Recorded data

######

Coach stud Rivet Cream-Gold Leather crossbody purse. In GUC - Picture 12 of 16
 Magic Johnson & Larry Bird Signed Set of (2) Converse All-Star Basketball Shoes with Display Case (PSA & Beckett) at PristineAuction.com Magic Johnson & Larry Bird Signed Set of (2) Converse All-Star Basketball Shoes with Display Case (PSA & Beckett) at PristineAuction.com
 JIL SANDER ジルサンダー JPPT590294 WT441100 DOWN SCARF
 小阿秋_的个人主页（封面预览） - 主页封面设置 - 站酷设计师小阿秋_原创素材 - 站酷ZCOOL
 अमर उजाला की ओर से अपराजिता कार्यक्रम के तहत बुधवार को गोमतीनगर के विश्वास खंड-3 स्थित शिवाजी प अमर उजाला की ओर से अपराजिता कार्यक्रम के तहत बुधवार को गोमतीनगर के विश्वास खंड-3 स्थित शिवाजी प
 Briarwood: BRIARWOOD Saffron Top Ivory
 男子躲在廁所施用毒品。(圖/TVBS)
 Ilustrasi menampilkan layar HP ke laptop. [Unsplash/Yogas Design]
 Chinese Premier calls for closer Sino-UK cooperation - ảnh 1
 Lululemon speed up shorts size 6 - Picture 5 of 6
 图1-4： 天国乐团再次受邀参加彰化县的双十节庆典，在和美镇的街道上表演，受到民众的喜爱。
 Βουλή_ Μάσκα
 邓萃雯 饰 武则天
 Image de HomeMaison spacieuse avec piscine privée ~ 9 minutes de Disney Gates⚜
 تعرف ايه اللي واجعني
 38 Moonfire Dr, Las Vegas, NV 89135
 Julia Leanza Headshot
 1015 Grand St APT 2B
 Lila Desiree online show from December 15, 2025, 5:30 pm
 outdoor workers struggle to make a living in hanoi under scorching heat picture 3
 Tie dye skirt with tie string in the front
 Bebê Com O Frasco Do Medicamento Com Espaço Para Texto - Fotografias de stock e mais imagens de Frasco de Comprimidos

######

> _WHAT TO PRODUCE_
Looking back over the data above, restate word for word the lines that begin at the line with "at PristineAuction.com Magic" and end at the line with "1015 Grand St APT 2B", inclusive.

> _WRITTEN RESPONSE_
 Magic Johnson & Larry Bird Signed Set of (2) Converse All-Star Basketball Shoes with Display Case (PSA & Beckett) at PristineAuction.com Magic Johnson & Larry Bird Signed Set of (2) Converse All-Star Basketball Shoes with Display Case (PSA & Beckett) at PristineAuction.com
 JIL SANDER ジルサンダー JPPT590294 WT441100 DOWN SCARF
 小阿秋_的个人主页（封面预览） - 主页封面设置 - 站酷设计师小阿秋_原创素材 - 站酷ZCOOL
 अमर उजाला की ओर से अपराजिता कार्यक्रम के तहत बुधवार को गोमतीनगर के विश्वास खंड-3 स्थित शिवाजी प अमर उजाला की ओर से अपराजिता कार्यक्रम के तहत बुधवार को गोमतीनगर के विश्वास खंड-3 स्थित शिवाजी प
 Briarwood: BRIARWOOD Saffron Top Ivory
 男子躲在廁所施用毒品。(圖/TVBS)
 Ilustrasi menampilkan layar HP ke laptop. [Unsplash/Yogas Design]
 Chinese Premier calls for closer Sino-UK cooperation - ảnh 1
 Lululemon speed up shorts size 6 - Picture 5 of 6
 图1-4： 天国乐团再次受邀参加彰化县的双十节庆典，在和美镇的街道上表演，受到民众的喜爱。
 Βουλή_ Μάσκα
 邓萃雯 饰 武则天
 Image de HomeMaison spacieuse avec piscine privée ~ 9 minutes de Disney Gates⚜
 تعرف ايه اللي واجعني
 38 Moonfire Dr, Las Vegas, NV 89135
 Julia Leanza Headshot
 1015 Grand St APT 2B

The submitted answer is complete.